Menurut Undang-Undang Kesehatan No.36 tahun 2009 memberikan batasan 20 tahun, karena hubungan seksual yang dilakukan pada usia dibawah 20 tahun beresiko terjadinya kanker serviks serta penyakit menular seksual. Perkawinan usia dini menyebabkan terjadinya komplikasi kehamilan dan persalinan antara lain pada kehamilan dapat terjadi preeklamspsia, resiko persalinan macet karena besar kepala anak tidak dapat menyesuaikan bentuk panggul yang belum berkembang sempurna. Pada persalinan dapat terjadi robekan yang meluas dari vagina menembus ke kandung kemih dan meluas ke anus. Pada bayi dapat terjadi berat badan bayi lahir rendah dan resiko pada ibu yaitu dapat meninggal (Bunners, 2006).

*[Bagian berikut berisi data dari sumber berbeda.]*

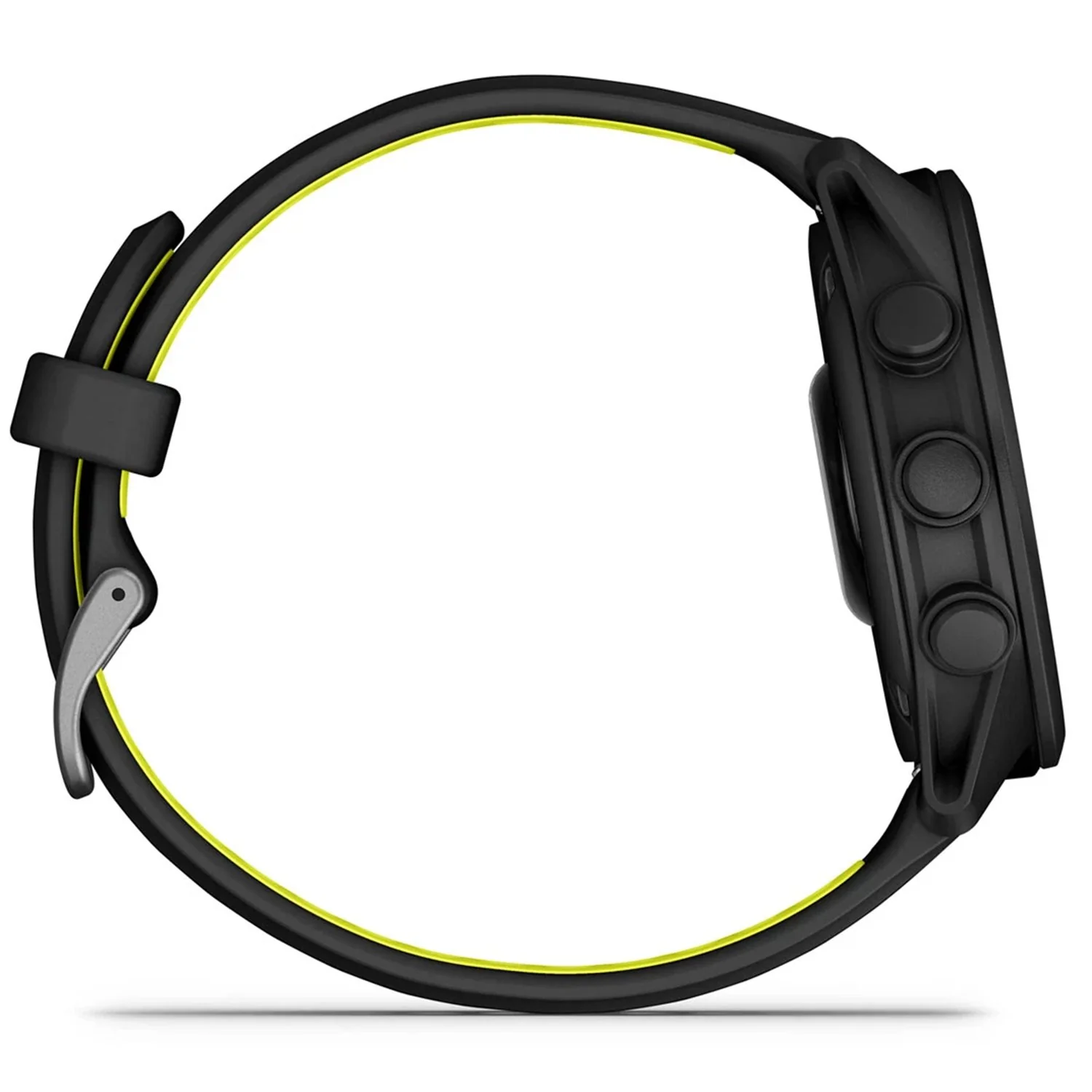 Garmin Forerunner 170 Music GPS Running Smartwatch, Black/Amp Yellow - Image 3
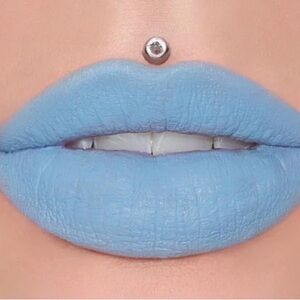 Jeffree Star Velour Lipstick Jawbreaker Blue Matte Bullet Lipstick Rare Shade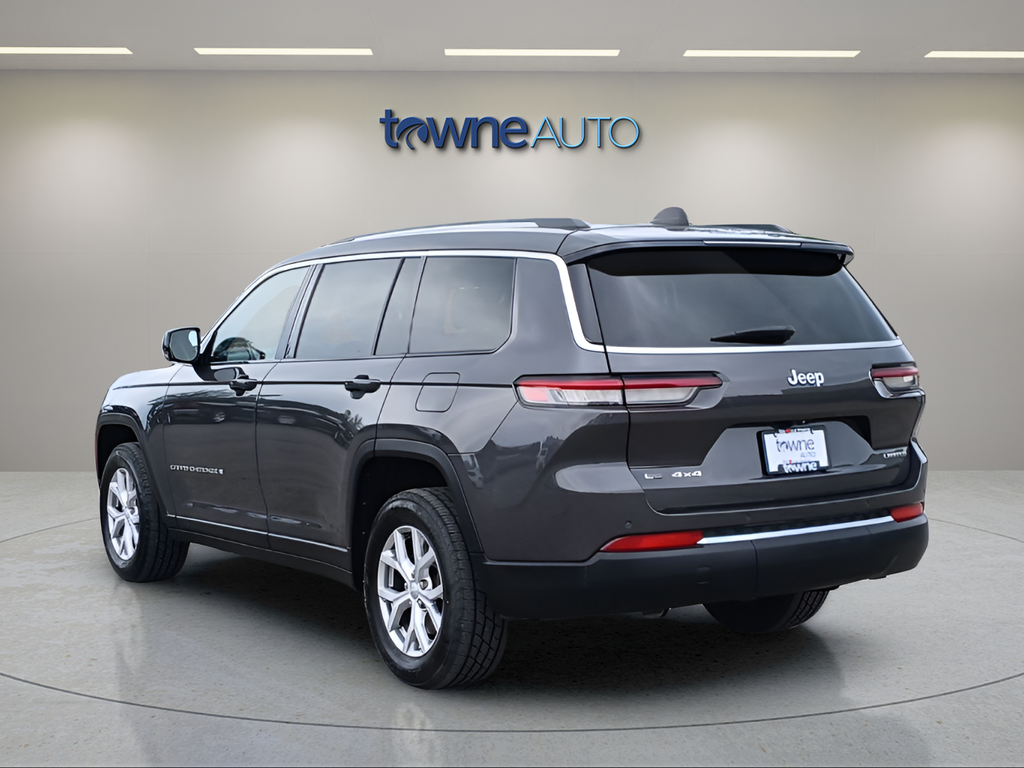 Used 2021 Gray Jeep Limited image 6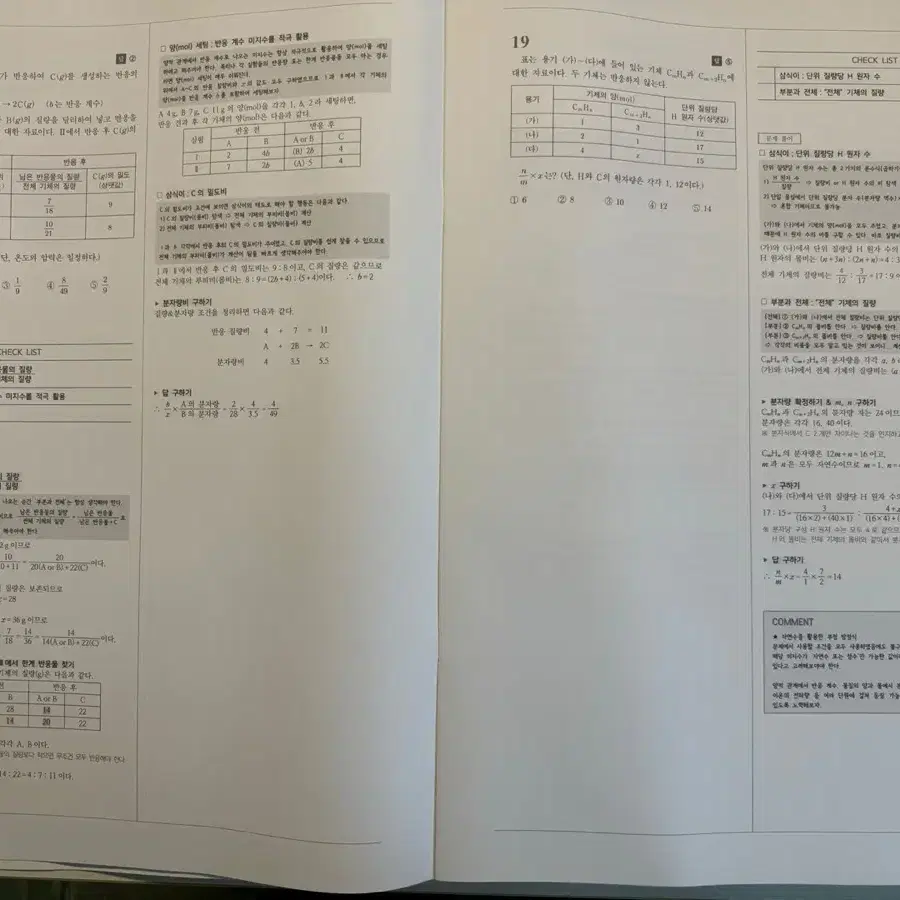 시대인재 김강민T 화학1 킬각 5회분 (킬러 문항 주간지)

Kalo menurut mimin sendiri nih, sebenarnya gak ada yang salah dengan yang namanya pernikahan dini. Asalkan keduannya sudah mumpuni, memenuhi syarat dan memiliki kemampuan untuk menjalani rumah tangga nanti. Walaupun kita tahu bahwa usia pernikahan dibawah 20 tahun itu, untuk di negara Indonesia sendiri tergolong masih sangat dini dan dirasa masih belum mampu memenuhi kebutuhan lahir dan batin. Tapi ada loh salah satu remaja kita di Indonesia yang melakukan pernikahan dini, bahkan dia menikah di umur 17 tahun guys !. Wuihh kebayang kan bagaimana ekstrimnya dia mengambil keputusan yang menurut mimin kece abis (hehehehe). 

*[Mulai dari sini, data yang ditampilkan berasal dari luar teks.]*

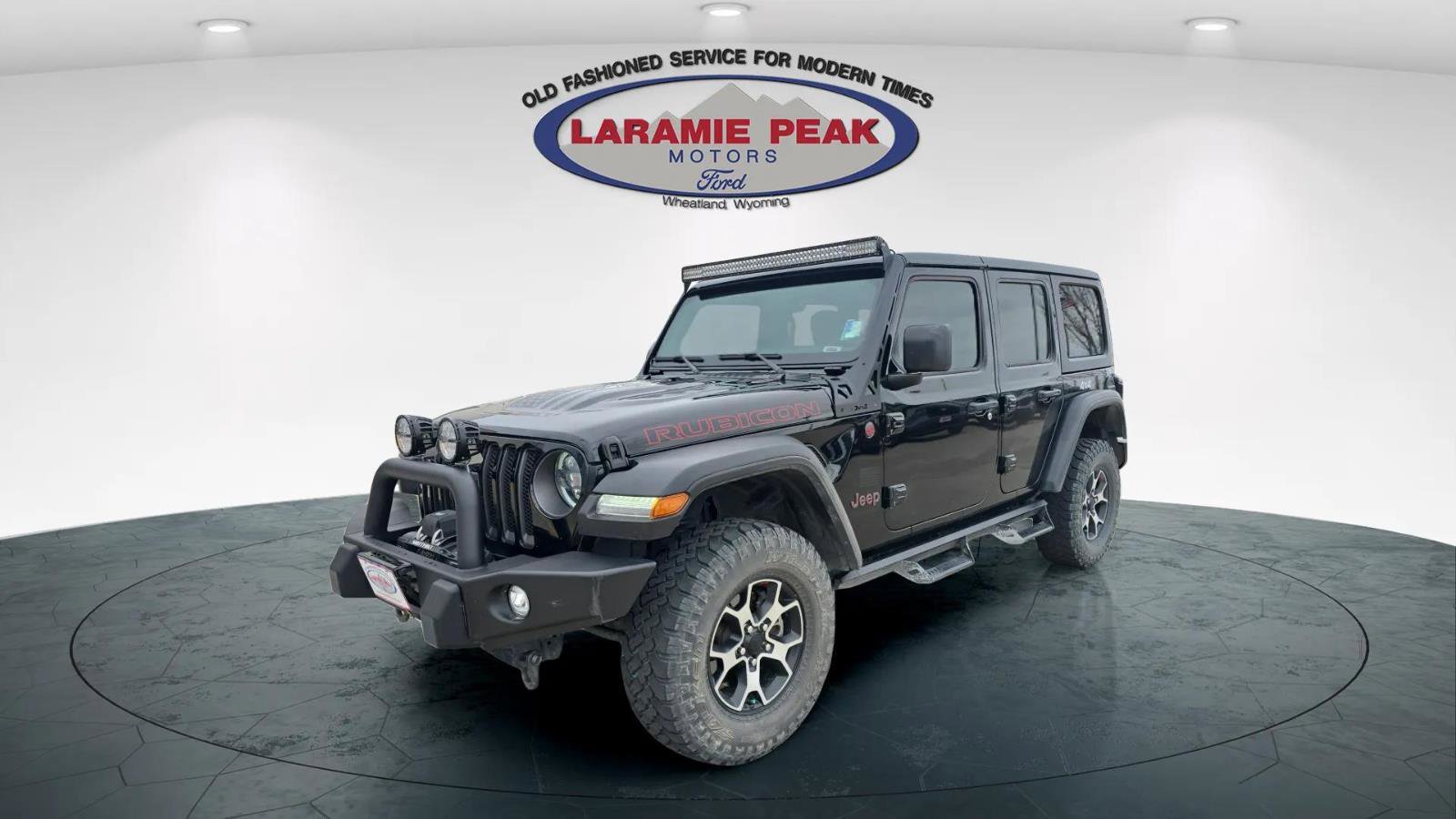Used 2023 Jeep Wrangler Unlimited Rubicon w/ LED Lighting Group image 6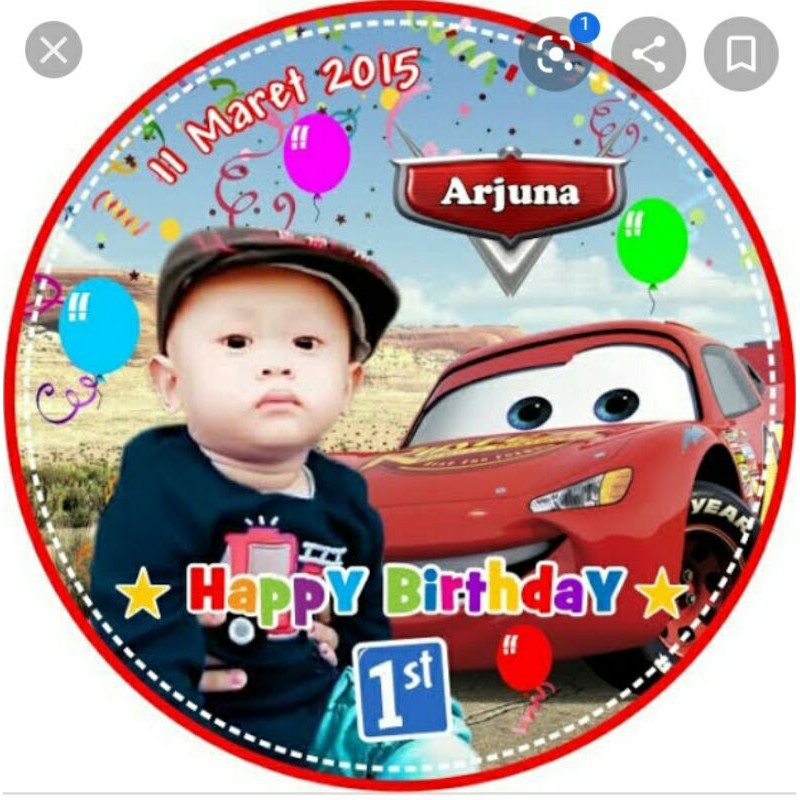 

Stiker Ulang tahun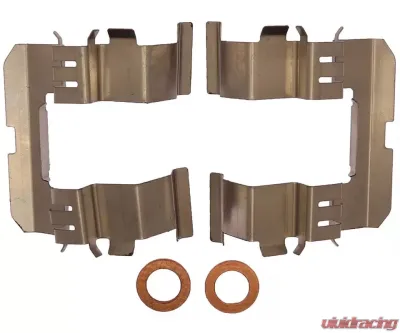 Raybestos Element3 New Semi-Loaded Caliper & Bracket Assembly Rear Left FRC12778N - FRC12778N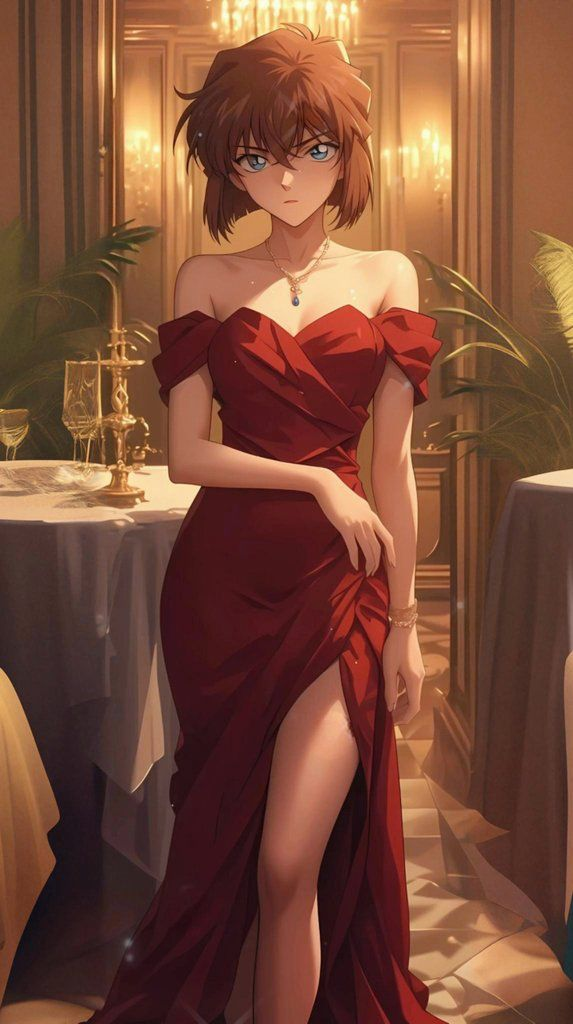 AI phục dựng Haibara, nhan sắc dịu keo khiến fan Conan mê như điếu đổ- Ảnh 5.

Namanya Alvin guys. Anak dari ustad Arifin Ilham. Dia baru-baru ini menjadi pembicaraan hangat karena pernikahan yang dilakukannya dalam usia 17 tahun dengan wanita muallaf tionghoa berumur 20 tahun, Larissa Chou. Banyak pro-kontra yang terjadi setelah merebaknya berita itu. Alvin dirasa masih belum mumpuni untuk menjalani rumah tangga dalam usia 17 tahunnya. Kenyataanya, setelah akhirnya ia memutuskan menikah, alvin menjalani persidangan dulu di Bogor, apakah dia layak untuk lanjut menikah atau tidak.  Setelah menjalani ujian tersebut akhirnya Alvin dinyatakan layak untuk melanjutkan pernikahan.

Semua memang berproses ya guys, alvin juga gak serta merta langsung, dia diperbolehkan untuk menikah dini. Tentunya ada perdebatan. Tapi lagi-lagi itu tergantung dari masing-masing individu menilai diri sendiri apakah memang layak untuk menikah dini. Tentunya juga harus meminta masukan-masukan dari orang tua, tokoh agama, atau teman dan masyarakat untuk bisa meyakini diri agar lebih siap untuk menikah dini. Satu hal yang lebih penting untuk tetap berdoa kepada Allah SWT agar diberi kekuatan dan keyakinan untuk mengambil keputusan yang tepat.